Great graphic design is not only the means to brand-building, but it is also, at the same time, proof of your skill and talent. There are no hard and fast rules in graphic design, never the less it’s important to understand its basics before embarking on projects that need you at your best (all of them do). You get only one break to make a strong first impression on new clients in the real world. So, you have to infuse your creativity with some fundamental principles. Let’s discuss the eight basic design principles that will help you create stunning graphics.
Balance, the first of eight design principles, is the visual weight distribution of graphic elements in a design layout. It brings structure and stability to a design. To know it better, consider that there’s visual weight behind each element in your design. Shapes, text boxes, and images are the factors that form your design, so it’s necessary to be familiar with the visual weight each of those elements holds.
Momentarily, this doesn’t suggest that the elements always require being scattered evenly or being of uniform size and height. Putting it in simple words, balance is either symmetrical or asymmetrical. Symmetrical balance is when the weight of elements is evenly divided on either side of the design using an imaginary symmetry line. In contrast, asymmetrical balance uses scale, contrast, and color to achieve the flow in design.
Proximity helps in constructing a bridge between similar or related design elements. These elements need not be assembled closely but should be visually connected by font, color, negative space, size, etc.
Alignment plays a crucial role in making a seamless visual connection among all the design elements. It gives a neat and tidy appearance to shapes, images, and blocks of texts by eliminating constituents placed haphazardly.
04. Visual Hierarchy
In the simplest form, hierarchy is formed when extra visual weight is carried by the design’s most crucial element. There are so many different ways to achieve it — using larger or bolder fonts to draw focus on the essential text, placing the critical component higher than the others, or adding stress to larger, more embellished, and more colorful visuals than those less relevant.
Repetition is an important design element, particularly when it comes to branding. It creates a rhythmic progression and braces the overall design by tying together the elements harmoniously, making the design or brand instantly attractive to the audience.
Contrast takes place when there is a clear distinction between the two or more design elements. The most common types of contrast are bright vs. dull, contemporary vs. old-fashioned, dark vs. light, large vs. small, etc. Contrast guides a viewer’s attention and helps make a design exciting and eye-catching.
What is the easiest way to set the overall mood of a design? The answer, my friend, is color. The pallet you pick represents your brand in its totality, so be vigilant with the colors you choose.

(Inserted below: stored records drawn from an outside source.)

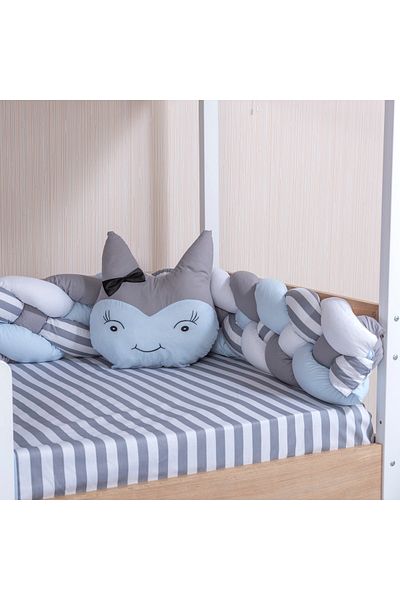 Mini Baby 4-Piece Braided Blue Montessori Baby Kids Sleeping Set 100x200
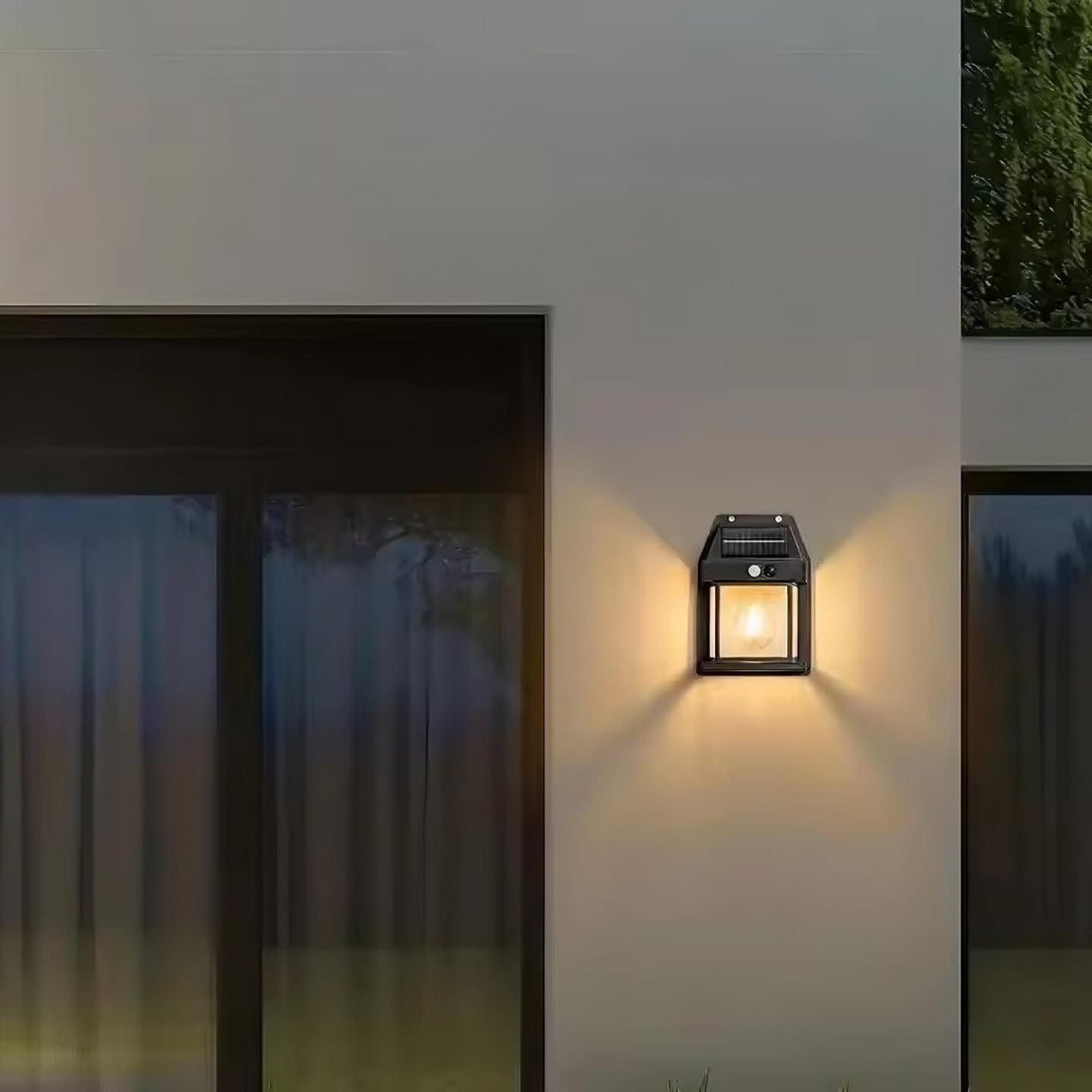 Solar LED Wandleuchte – Fassadenlampe 3000K, IP44 mit Bewegungs- und Dämmerungssensor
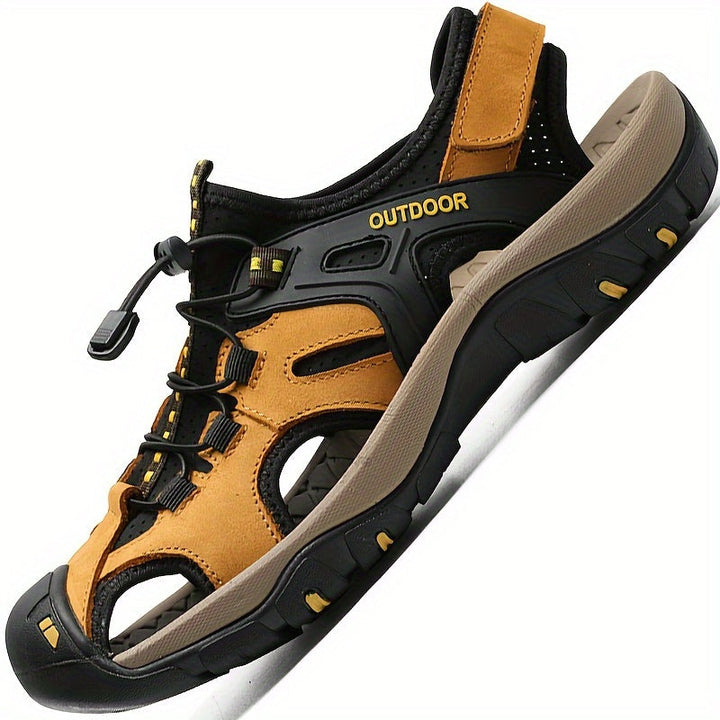 Men's closed-toe hiking sandals for trails. Adjustable fit, water-friendly outdoor footwear, perfect for summer adventure.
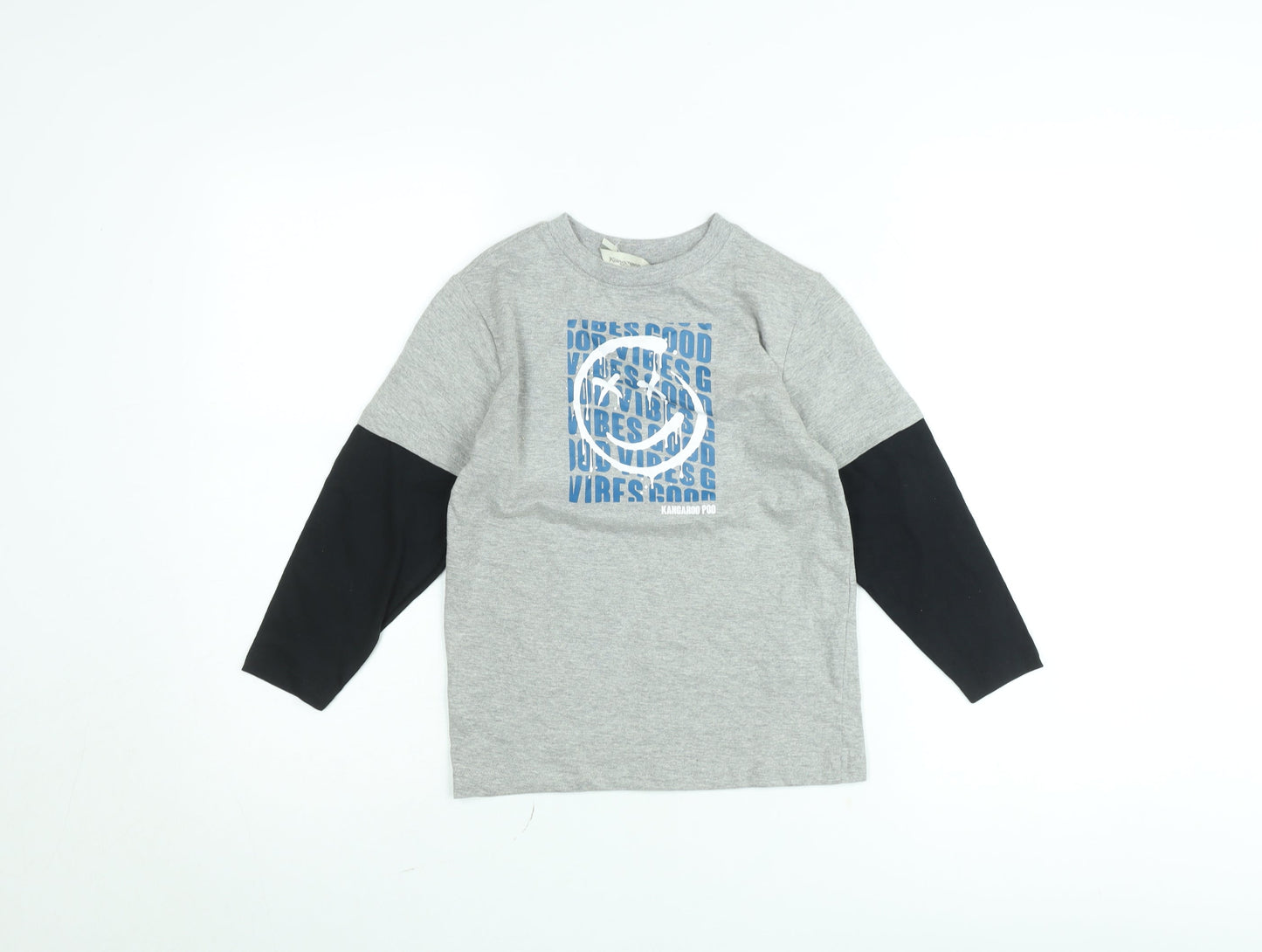 Kangaroo Poo Boys Grey Long Sleeve Graphic Pullover T-Shirt 5-6 Years
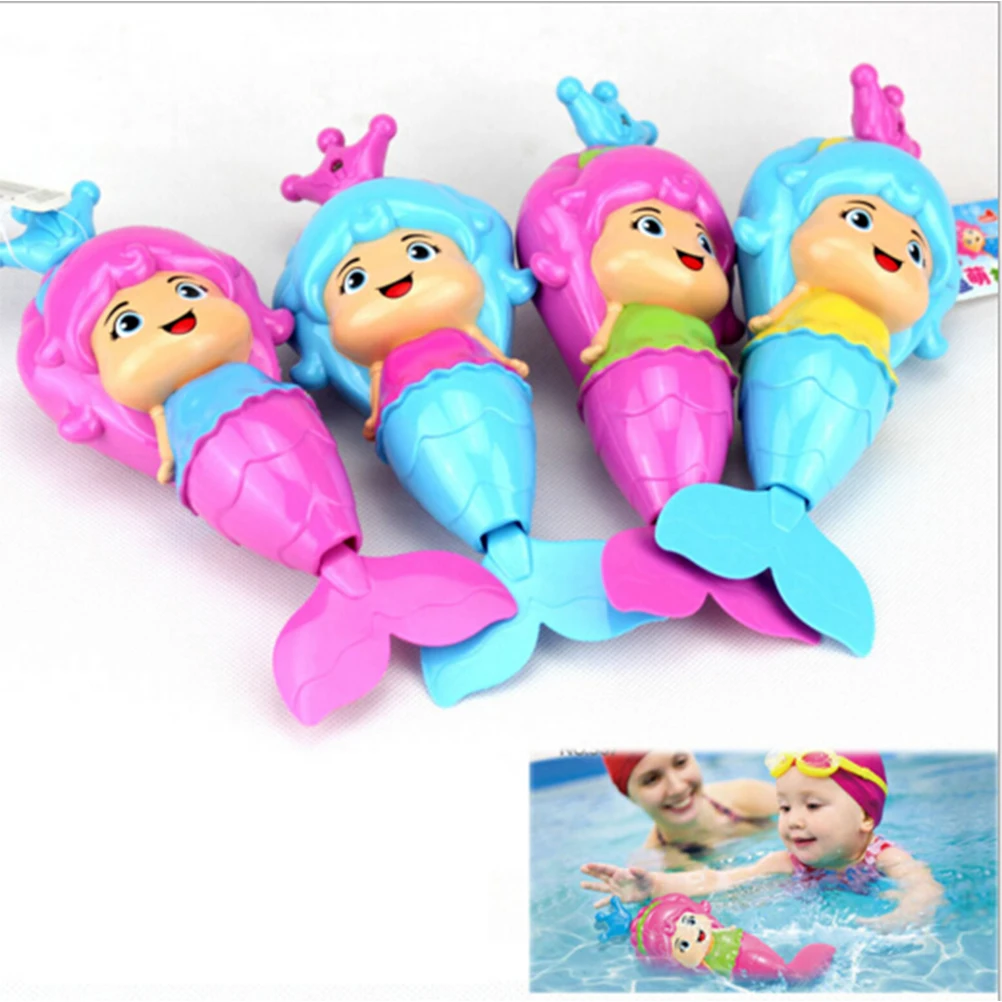 

1 piece of baby shower bath toy cute mermaid clockwork wading floating toy cartoon education learning classic toy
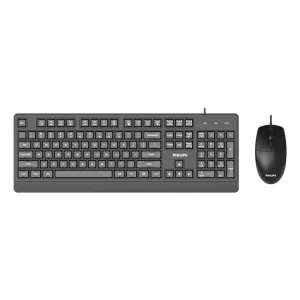 Teclado Y Mouse Philips Spt6247b Cable Usb 2.0 1200 Dpi Atajos Multimedia Negro Ergonomico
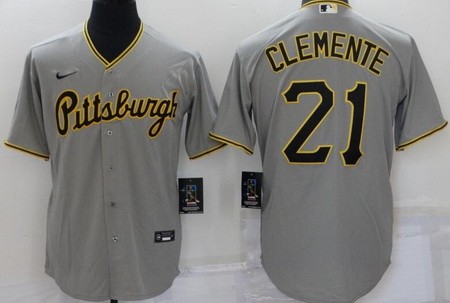 Men's Pittsburgh Pirates #21 Roberto Clemente Gray Alternate Cool Base Jersey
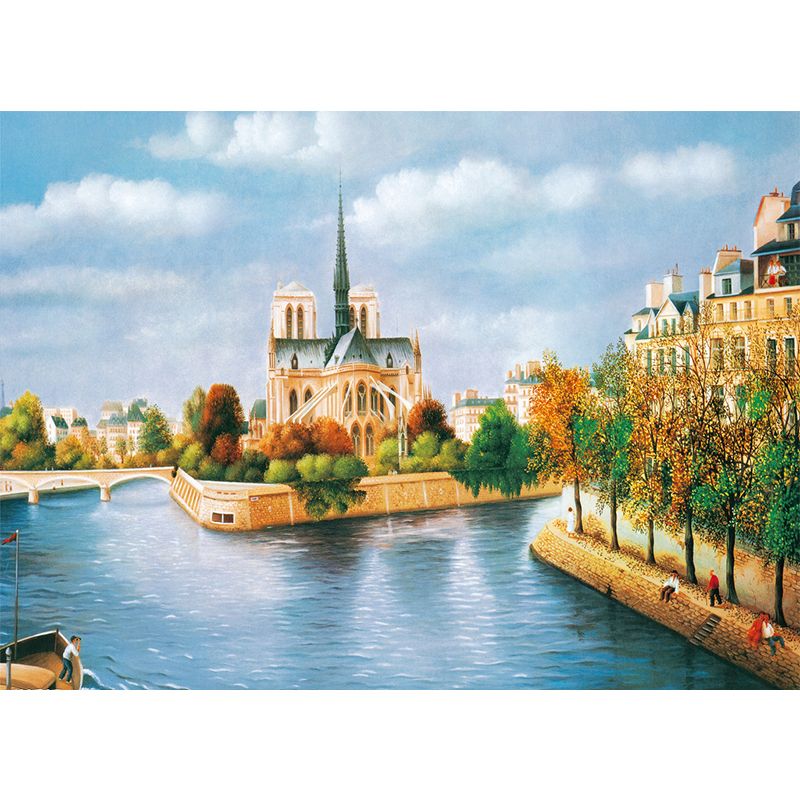 Full-Size Venice Town Murals Decal Blue and Brown Non-Woven Material Wall Art, Waterproof, Custom Size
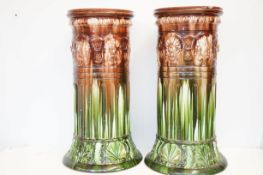 Pair of large Victorian majolica style jardiniere stands, po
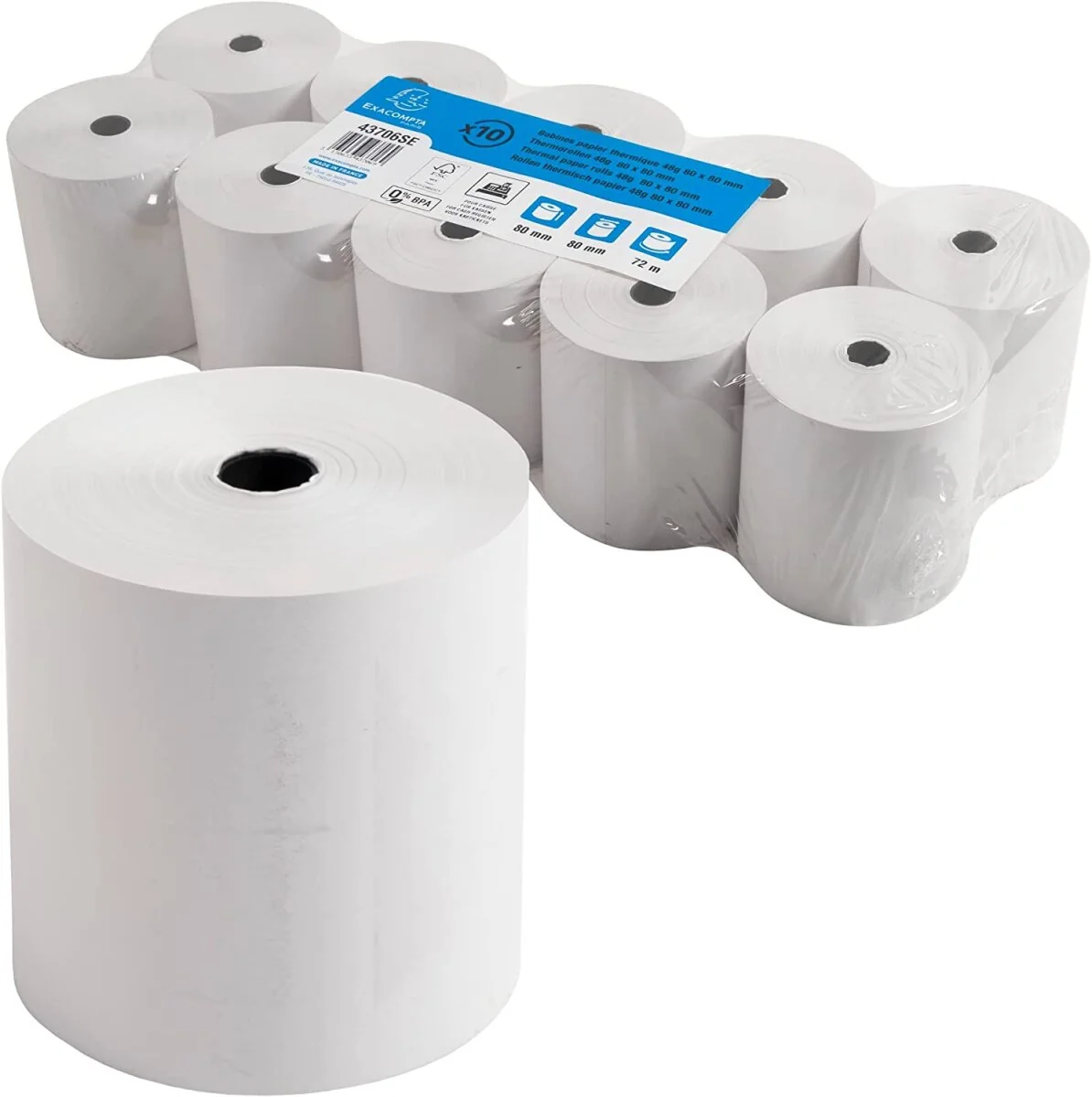 EXACOMPTA Thermorollen für Kassensysteme, 80 mm x 72 m (EAN: 3130633437069)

As a graphic designer, it’s always helpful to have a basic knowledge of color theory and psychology. Want to know about the trendiest color pallets? Click here.
08. Negative Space
We’ve discussed almost all the essential details, but what about the space that is left blank? Negative space, which in simple words means the empty area between or around the forms and elements of design, when used creatively, can help create hidden meanings and draw the viewer’s eyes to important components of your composition. To read more about negative space, click here.
Over to You
Once you’re a proficient graphic designer who comprehends the nitty-gritty of design, it’s time to bend and even break some of those rules. Remember, everything that you’re trying to communicate should not be bargained. You must frequently color outside the lines to pull away from a mediocracy or a flat design structure, but beginners must first try to fine-tune as much as possible with the above principles.